In the Agra train station, a little boy — no older than seven or eight — approaches us; he holds a plastic shopping bag in one hand and a sick baby in the other. The baby has matted hair, a dirty bare bottom, and her eyes are glued shut with dried pus. The boy holds out his bag. “Shampoo,” he begs, “soap.”

I had taken the travel-sized shampoos from our hotels, so I dig through my purse to give them to him. My friend Sholeh takes a photograph of the two children in the slant of morning light, the juxtaposition of the beautiful making the scene seem all the more tragic. I hand over the shampoo, and the boy scurries it into his bag. A flock of children sees the exchange and surrounds us. Each one dirtier and sadder than the next. They beg for school pens, soap, shampoo, one rupee. They don’t seem to notice each other, their eyes set on the two foreign women. The poor and the tourists — the familiar sights of India.

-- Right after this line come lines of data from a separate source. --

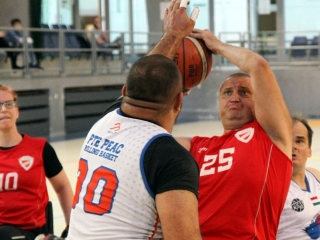 Kerekesszékes kupadöntő a Campus Arénában - fotó: 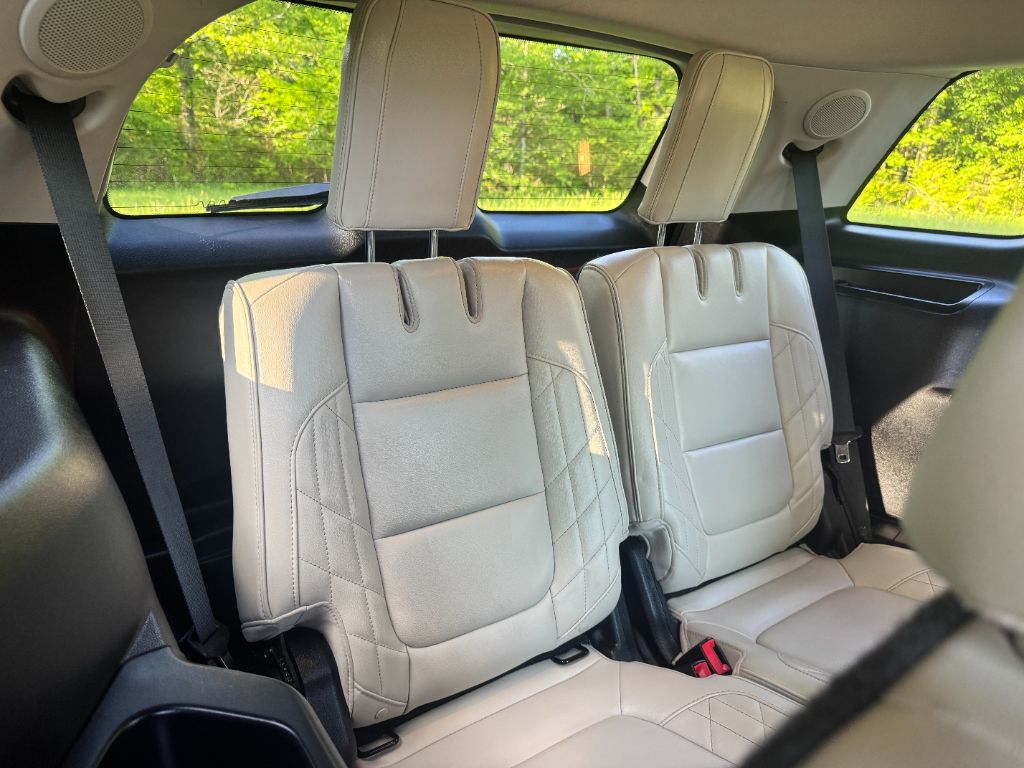 2016 Ford Explorer - $9,995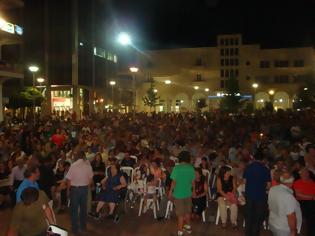 Φωτογραφία για Βούλιαξε η κεντρική Πλατεία της Καρδίτσας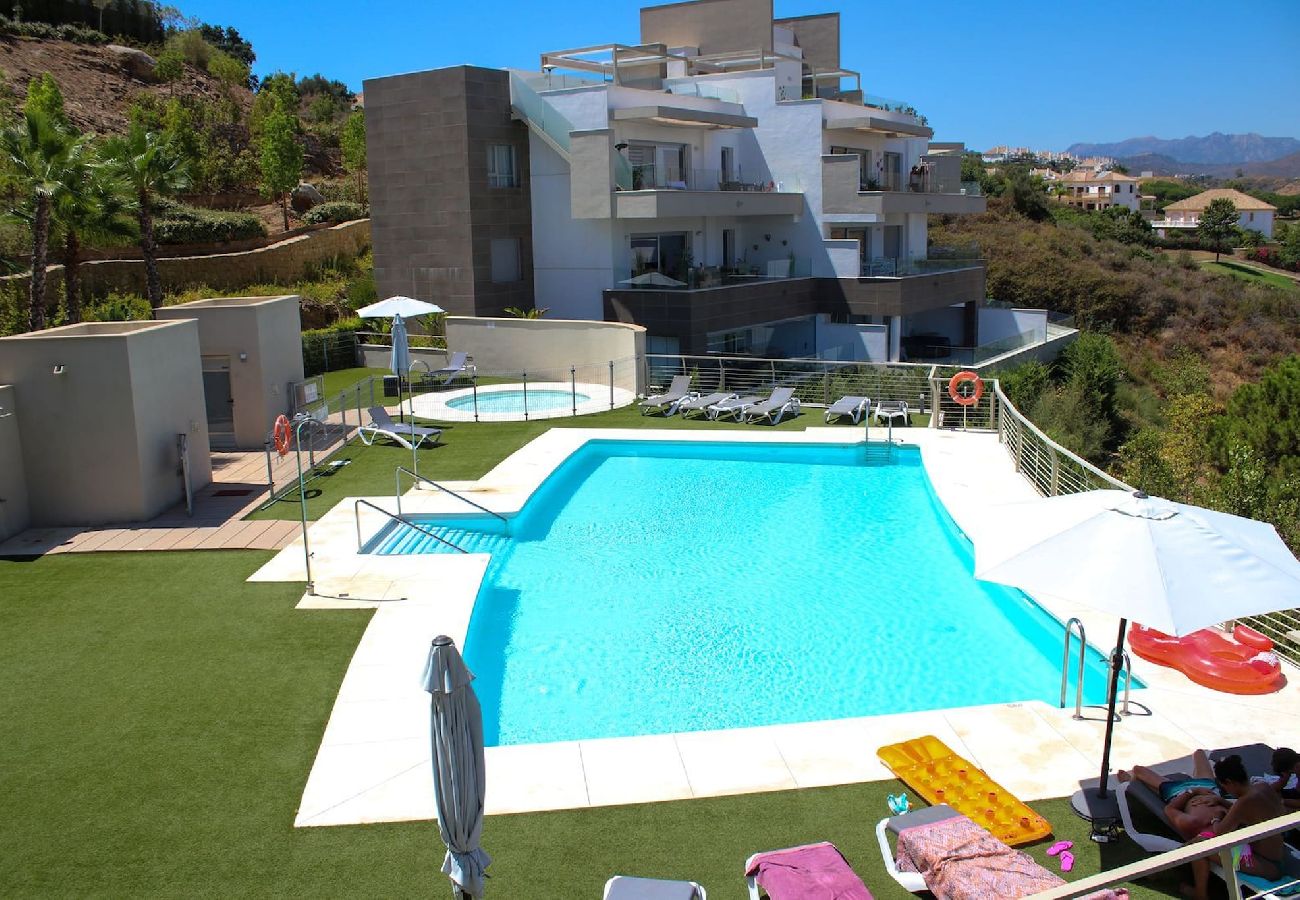 Apartamento en La Cala de Mijas - Amplio y moderno apartamento de 3 dormitorios cerca del complejo La Cala Golf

The day before, we visited the most famous tourist destination in India: the Taj Mahal, a marble miracle, the memorial built by the Mughal emperor Shah Jahan for his favorite wife after she died in childbirth. Artisans spent 22 years building the domed mausoleum and decorating its soaring walls with intricate patterns of semi-precious jewels, so that at night, the Taj glitters in the moonlight, sparkles in the reflecting pools.

But in truth, I remember so little of the Taj Mahal — only the story our guide told us about how the artisans were thanked at the end of the project by having their hands cut off, so they couldn’t betray the king by recreating the elaborate designs. The beauty and the violence so close together that the space between leaves no room even for irony — maybe in the same way a blind boy played a drum just outside the Taj Mahal gates, hoping for spare change, and the crippled man propelled himself along the dusty road with a stick. And in the way our guide had said “Welcome to Agra,” gesturing toward an old woman who was digging through mountains of smoking garbage.

And there is this: the way filtered light drapes across starving children in the Agra train station. And a teenaged boy, holding a small wooden box, catching my eye from the other side of the station. And his stride over to me, passing stray cows and a turbaned man reading from the Koran. And in the purposeful way the boy weaves around a small girl, who has lifted her skirt and is peeing on the concrete platform.

The boy finally reaches me and points to his boxful of blackened rags and shoe polish and then to my sandals.

    1. “No thank you,” I say.

“You need shoe shine,” he says. “Dirty.”

“I’m fine.”

“Very good polish.”

“It’s not that,” I say, knowing there’s no way to explain.

“I wouldn’t let him do it,” Sholeh says. “Just tell him no.”

“Please?” he begs.

“What could be the harm in it?” I ask.

“Don’t say I didn’t warn you,” Sholeh says.

While the boy sets to work on my sandals, I look at Sholeh’s pictures of the Taj Mahal. I feel a tug at my foot and glance away from the camera’s digital screen and down at the boy. He points to a large rip in my sandals, telling me in his limited English that it will cost extra for the repair. “Broken. 10 more rupee for fix.”

I spot the pointed instrument he used to tear the leather; it’s already tucked back into his box. I know he didn’t rip my sandals out of meanness but from desperation, but still I feel violated. He sees me as he would any tourist, a chance to feed his family with a few extra rupees. Who could blame him? And hadn’t the poor Indians started to look all the same to me? Did I look into their eyes and see each one, hungry and desperate, as an individual human being? I hadn’t wanted the hardness to come, didn’t even believe it would, but just like that it does.

Later I will be ashamed that I didn’t just pay the extra money and have the boy sew up the tear in my sandal. But at the moment, I am travel-raw and tired, so I think instead of my own loss in the transaction — my hundred-dollar sandals, ruined. How I don’t want him to trick anyone else, and about what’s right and what’s wrong, which of course is much easier when you have the means to buy yourself a pair of hundred-dollar shoes.

So I say, “I know you did that on purpose. You tore them with that tool. You sew them up right now, or I’ll scream.” The boy quickly stitches up the sandal, and I don’t pay for the “repair.” Later I will realize his family could live for three months off what I paid for those sandals. The mind wanders back to what’s right and what’s wrong and what it is that fills the space in between.

Sholeh doesn’t say I told you so even though I deserve it. And I don’t tell her I should have listened to her because that’s beyond obvious too.

And then there is this: The train arrives, and a middle-aged couple steps off with their guide. The husband tells the guide,

    1. “I hope we’re staying somewhere nice. My wife likes opulence, you know.”

“Deserves,” the wife corrects him.

“Well then,” the guide says, “she shall have the sky.”